__Exercise objective__.
Whatever comes before the line containing "Mercedes-Benz C 220" stays out; transcribe that line and all that follow to the end of the records exactly, with no pictures.

============================================================

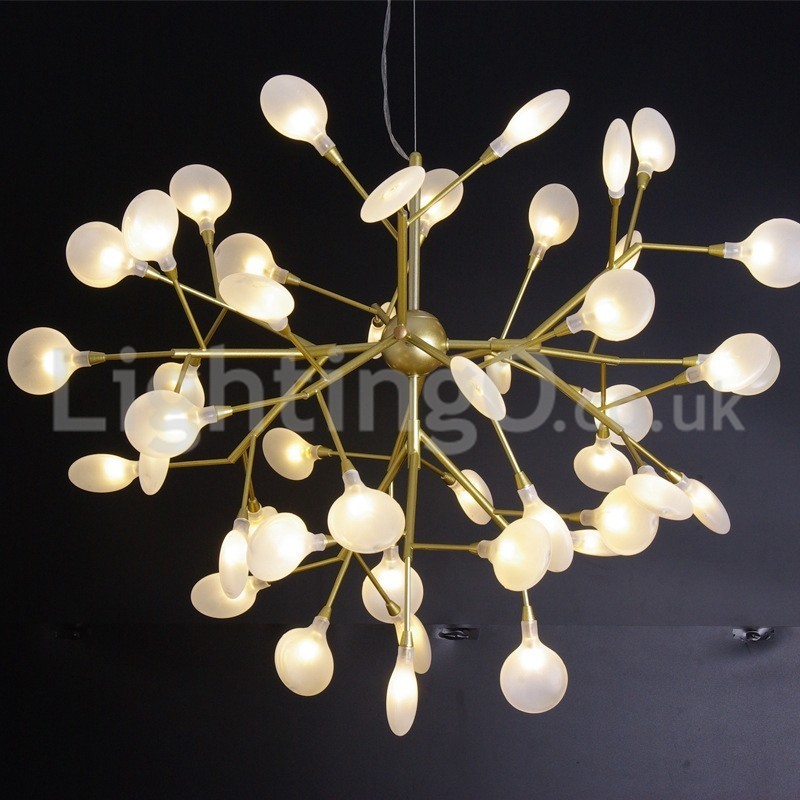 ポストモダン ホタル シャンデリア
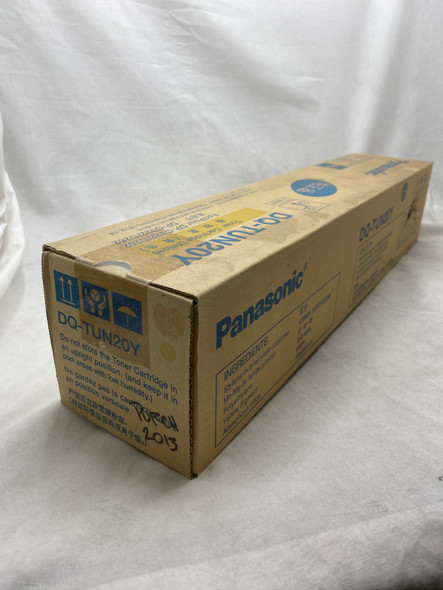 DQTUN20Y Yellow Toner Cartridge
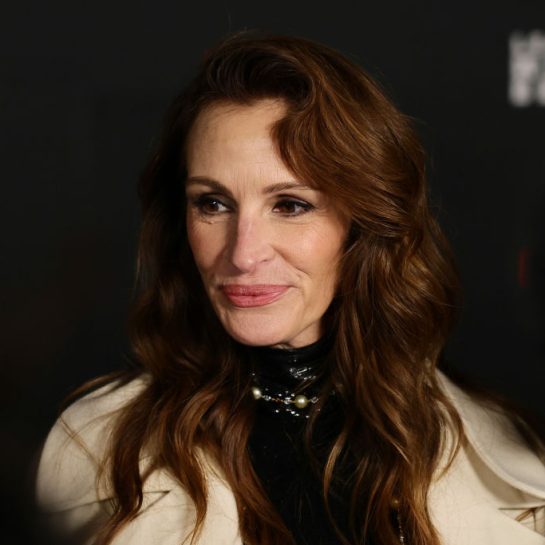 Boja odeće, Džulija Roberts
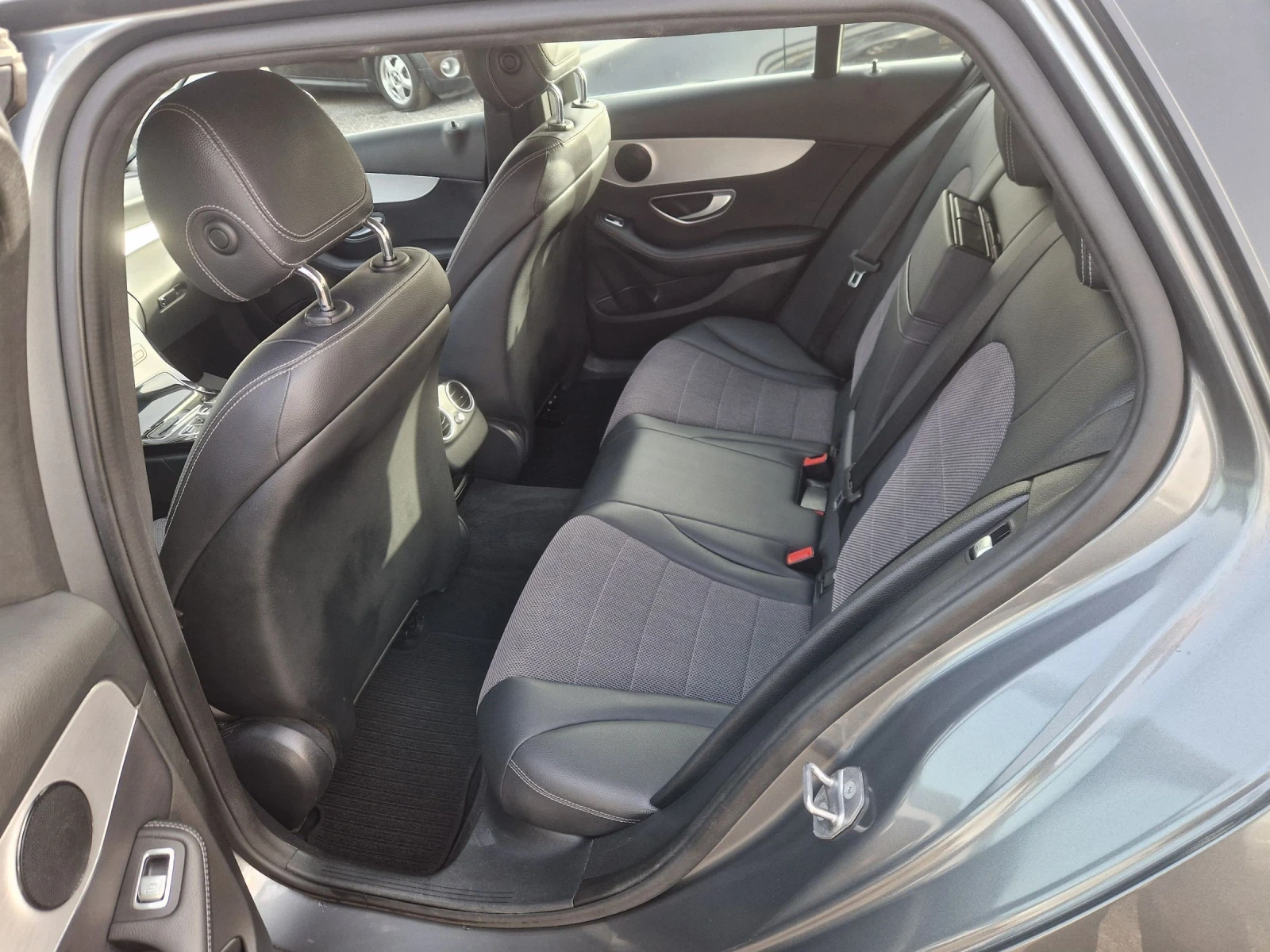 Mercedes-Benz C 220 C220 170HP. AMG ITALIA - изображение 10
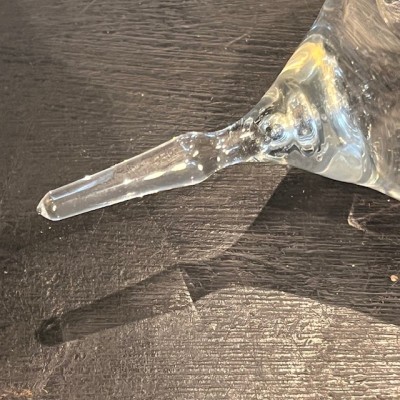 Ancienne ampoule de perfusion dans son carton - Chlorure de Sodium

============================================================

__Exercise response__.
 Mercedes-Benz C 220 C220 170HP. AMG ITALIA - изображение 10
 Ancienne ampoule de perfusion dans son carton - Chlorure de Sodium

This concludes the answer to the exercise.